The host of the Saga event loaned out kimono and dressed participants, both free of charge.

"I feel relief," she said. "I had been unable to do what I wanted to do, but now I want to change myself."

Nonprofit organization ReBit has been holding such ceremonies since 2012, urging LGBTs to celebrate the way they are and taking the first step to becoming the person they wish to be.

The events have been held in a total of 15 prefectures so far, with more than 4,000 people attending.

This year, the ceremony has already been held at nine locations and another is scheduled to be held on March 12 in Yurihama, Tottori Prefecture, with the support of many businesses, according to ReBit.

ReBit director Takeru Shimodaira, 24, urges supporter groups nationwide to work together in realizing a society in which "everyone can attend their local ceremonies wearing what they want to wear."

Yosuke Kawano, 30, a vocalist in Ibaraki Prefecture, organized the LGBT coming-of-age ceremony in Mito this year for the first time after attending the ceremony in Saitama Prefecture last year.

"I thought there must be people in my hometown who endured a bitter experience attending a regular ceremony," Kawano said.

Makito Ishikawa, a 24-year-old transgender man, was among participants in the ceremony in Saga. Ishikawa, who has changed his legal gender to male, said he was sobbing when he attended the ceremony held in his hometown four years ago.

He did not want to wear the women's long-sleeved kimono but gave into his father's wish in the end, he said. This time he took part under his new name and wearing a suit and a tie.

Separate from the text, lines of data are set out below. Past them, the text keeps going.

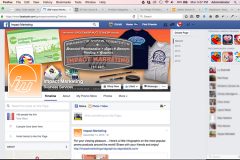 impact-FB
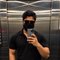Avin - masseur in Mumbai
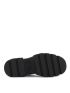 Monogrant Evelina  XG103-BL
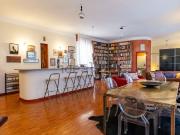 Appartamento in vendita di 109 m² in Corso Genova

"I could be myself comfortably and it was fun," he said smiling.

Naoki Ogi, an education critic supporting the movement for spreading LGBT awareness, said society must take its cue from the spread of such moves.

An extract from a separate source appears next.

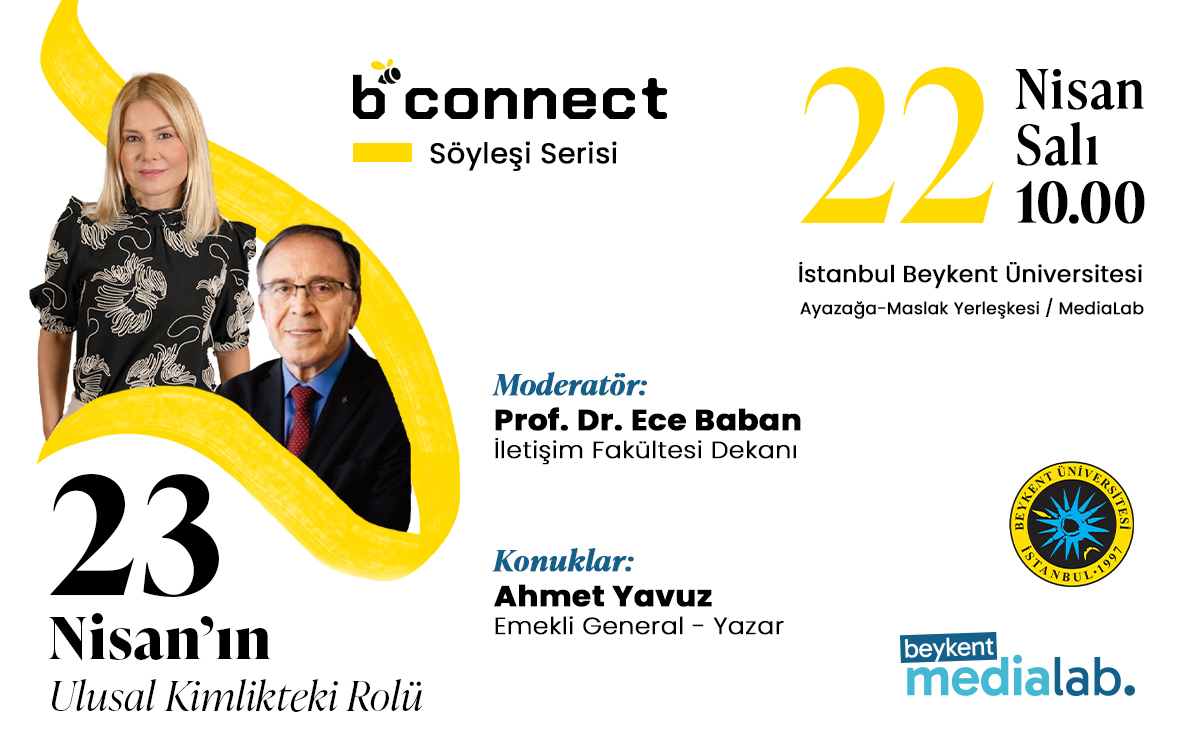BCONNECT ALT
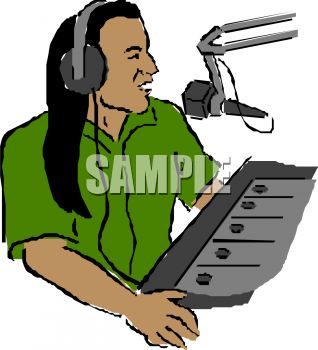 318x350 Recording 20clipart Clipart Panda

"A coming-of-age ceremony must be transformed so that everyone can express themselves as they are," he said.

A 2015 survey by major advertiser Dentsu Inc. targeting some 70,000 people in Japan found that one in every 13 respondents, aged 20 to 59, indentified as LGBT.

In January, the municipal government of Sapporo in Hokkaido unveiled draft rules for officially recognizing same-sex partnerships between LGBT residents of the city who are at least 20 years old.

Sapporo, which plans to start the program in the new fiscal year in April, would not only be the country's first major city to set such rules, but it would also be the first municipality to certify partnerships even between heterosexual couples with gender-identity disorder, according to the city.